Мягко поглаживая суховатую кожу, Панталоне чувствует, как Дотторе тянется к его руке, как безмолвно требует больше ласки и как спокойно тот себя чувствует. Хоть один день без злобных выкриков и истеричного смеха. Дотторе жмурится, полу улыбаясь. Приятно. До быстро пробегающих мурашек по спине, приятно.
Панталоне поглаживает за ухом, немного зарываясь в короткие волосы. Видеть Дотторе в таком состоянии было непривычно. Обычно стойкий и холодный, сейчас, совсем растаявший, отчаянно, будто домашний пёс, жался к рукам, стремясь получить больше прикосновений, больше контакта. Очертив одной рукой линию челюсти, Панталоне провёл большим пальцем по губам Дотторе, поймав тёплый глубокий вздох. Аккуратно переместив вторую руку на затылок, всё ещё мягко почёсывая, экономист приподнял врача за подбородок, снова ловя большим пальцем тёплый выдох и, сдвинув палец, примкнул своими губами к шершавым, немного обкусанным губам Дотторе. Тот немного приоткрыв глаза от удивления, сразу же закрыл их, отвечая на поцелуй, медленно, с некоторой долей лени и маленькой искрой страсти. До ужаса приятно. В руках Панталоне Дотторе чувствует себя так, будто он в самом безопасном месте на свете, в месте, где ему ничего не угрожает и можно быть самим собой. Настоящим. Без осуждений.

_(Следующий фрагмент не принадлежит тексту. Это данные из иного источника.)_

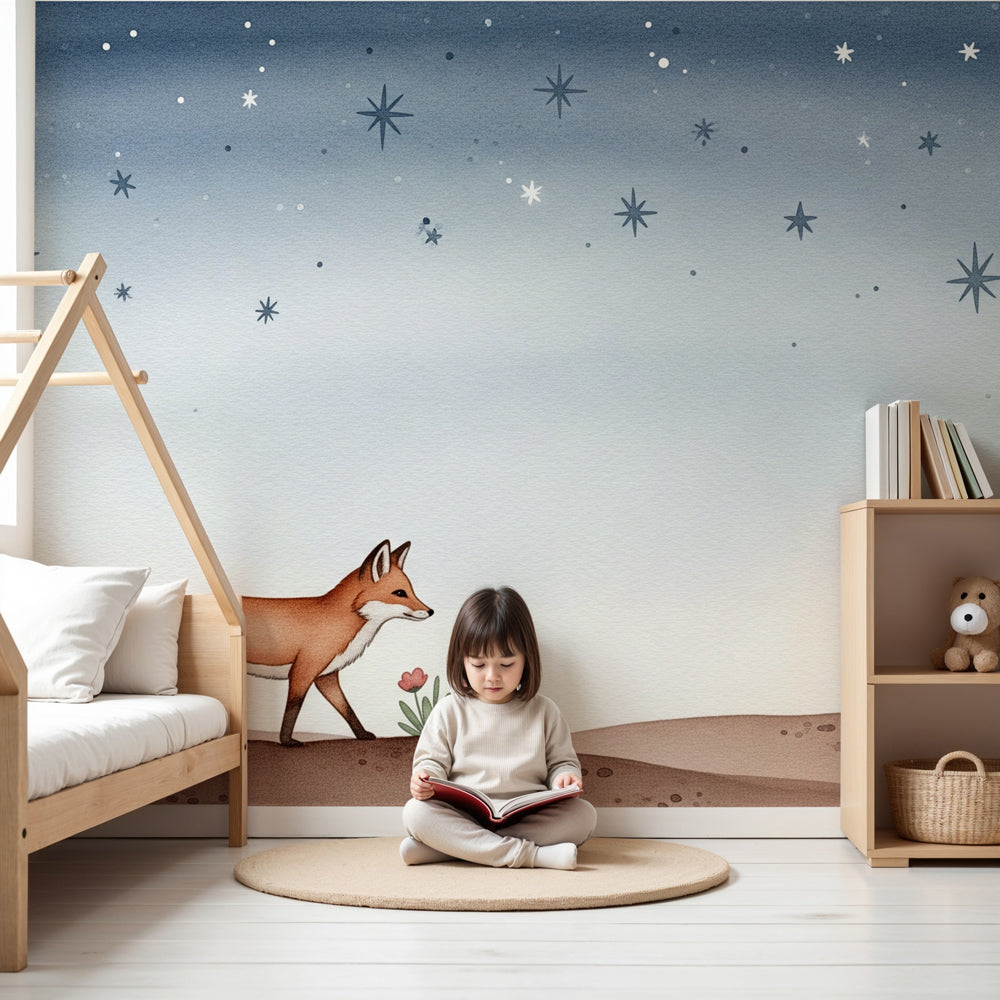 Fox mural wallpaper with starry desert scene in modern nursery room by Kids-Mundo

Панталоне отрывается от Дотторе, чувствуя, что что-то не так, слишком пассивно, даже для действий под наркотиком. Со смешком, экономист наблюдает за размеренным дыханием и плавно поднимающейся грудью заснувшего Дотторе.

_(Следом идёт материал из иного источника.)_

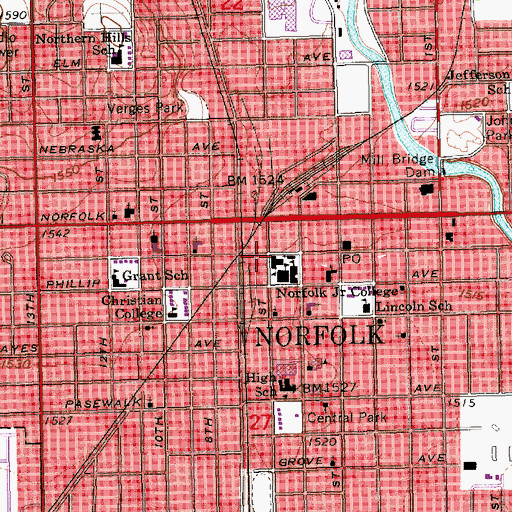 Topographic Map of Sacred Heart Elementary School, NE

– Ну раз так, то засыпай, – тёплым шёпотом экономист произносит эти слова куда-то в приоткрытые губы, а затем, целуя в лоб, уходит. На кухню. Выбросить торчащую из кармана пачку совершенно обычного обезболивающего из любой аптеки. Слишком уж Панталоне дорожил Дотторе, чтобы ввязывать его в адский круг наркозависимости, которая скорее всего могла бы оставить на нём след до конца его жизни, полностью разрушив и так изрядно расшатанную психику.